Michael Burawoy is one of the world’s leading sociologists and ethnographers of work. Studying industrial workplaces through participant observation—in places as diverse as Zambia, Chicago, Hungary, and Russia—he has sought to develop general theories about the nature of human labor, the despotic operation of the industrial workplace, and the relative ability of workers to resist and consent to their shop floor subordination and the imperatives of production. He is a professor of sociology at the University of California at Berkeley.

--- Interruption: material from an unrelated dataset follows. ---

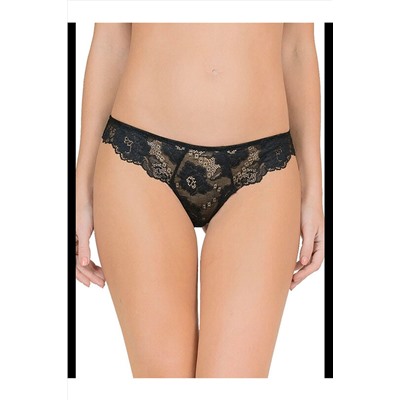 Трусы LORMAR #922472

Over his long career, Burawoy has examined the dynamics of human labor under industrial capitalism, state socialism, colonialism, and postcolonial and postsocialist orders, often in comparative perspective. One of his earliest books, Manufacturing Consent (University of Chicago Press, 1979), based on an ethnographic study of a Chicago machine shop, examined how working class consent under industrial capitalism was organized by the production process itself. He followed this up with similar ethnographic work in factories across the Socialist Bloc, and extended his argument comparatively in The Politics of Production (Verso, 1985), insisting (contra the Marxist tradition) that “the arena of production contains political and ideological institutions as well as a purely economic organization.” In The Radiant Past (University of Chicago Press, 1992), Burawoy extended his ethnographic analysis of the workplace over time, examining changing factory regimes as socialist production transformed into capitalism after 1989. This is a recurring technique for Burawoy, who makes a habit of revisiting former ethnographic sites in order to assess change. More recently, he has explored how the university as a workplace has sociologically reproduced certain kinds of intellectual production.

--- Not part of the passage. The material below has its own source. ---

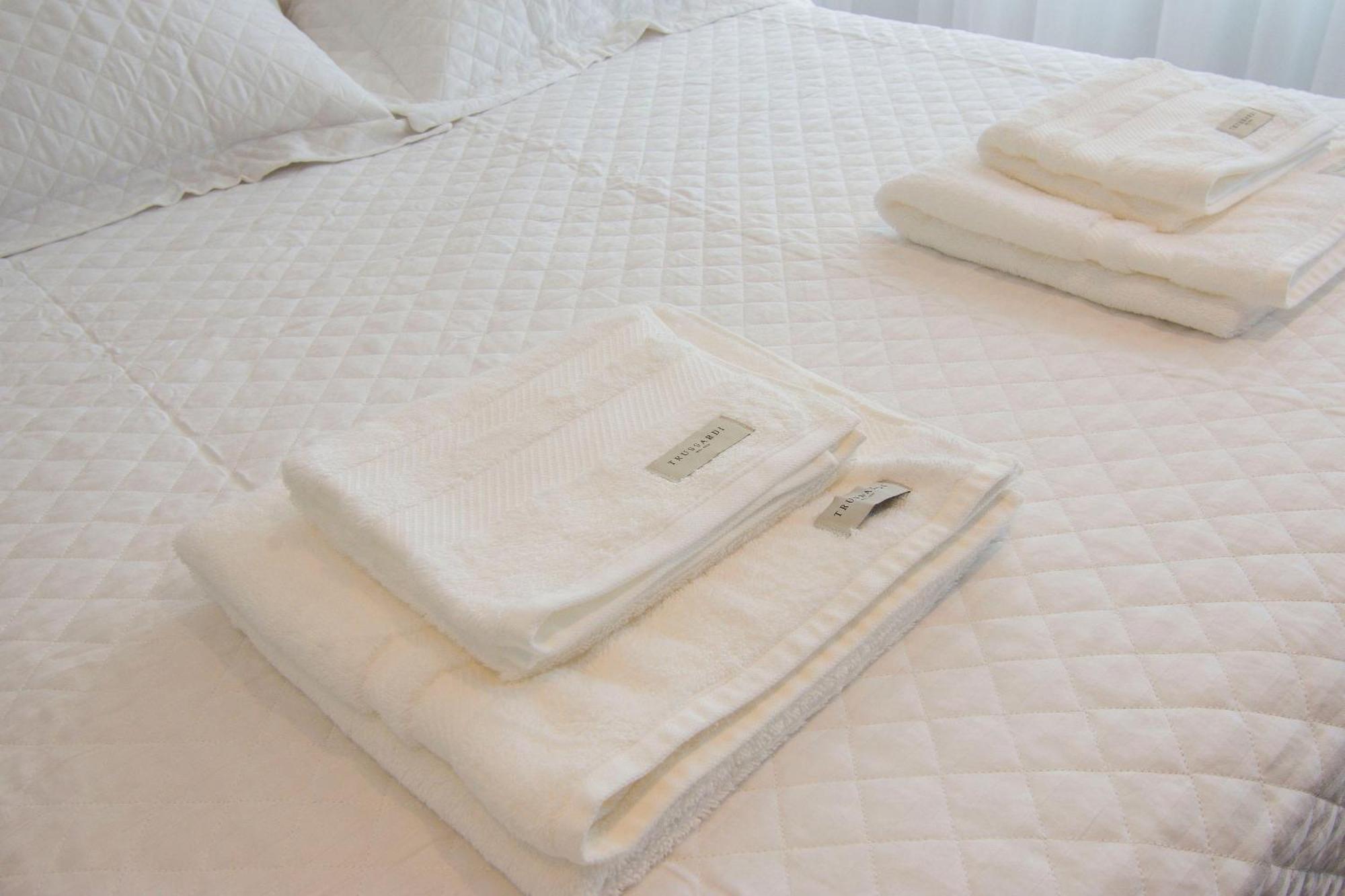 Bento Gonçalves Villa Di Tondo House Ii-Lindo Apartamento מראה חיצוני תמונה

Methodologically, Burawoy remains an articulate defender of what he calls the “extended case method.” If you want to understand how human beings live, he contends, then you should go out into the field and ask them—repeatedly, over time, and in different contexts. Initially developed in a co-authored monograph, Ethnography Unbound (University of California Press, 1991), he argued for the importance of participant observation across all social science disciplines. His most recent monographic work, The Extended Case Method (University of California Press, 2009), shows how ethnographers need to both carry theory with them into the field and develop general theories about social life based on their observations. Using this method in his own case studies, Burawoy is probably the only living ethnographer who can claim to have studied on the ground what he calls the “four great transformations” of our epoch—decolonization, the construction of socialism, the decline of Fordism, and the collapse of socialism. More recently, he has turned his discerning ethnographer's eye inward, to offer a critical sociological account of the functioning of the research university under contemporary capitalism.
Demonstrating his commitment to engaging with the world, Burawoy has challenged sociology as a discipline to embrace “public sociology,” a form of inquiry that seeks to make sociological work not only accessible to nonacademic audiences, but to include members of that population in the processes of producing knowledge collectively.
Michael Burawoy has been President of the American Sociological Association and the International Sociological Association.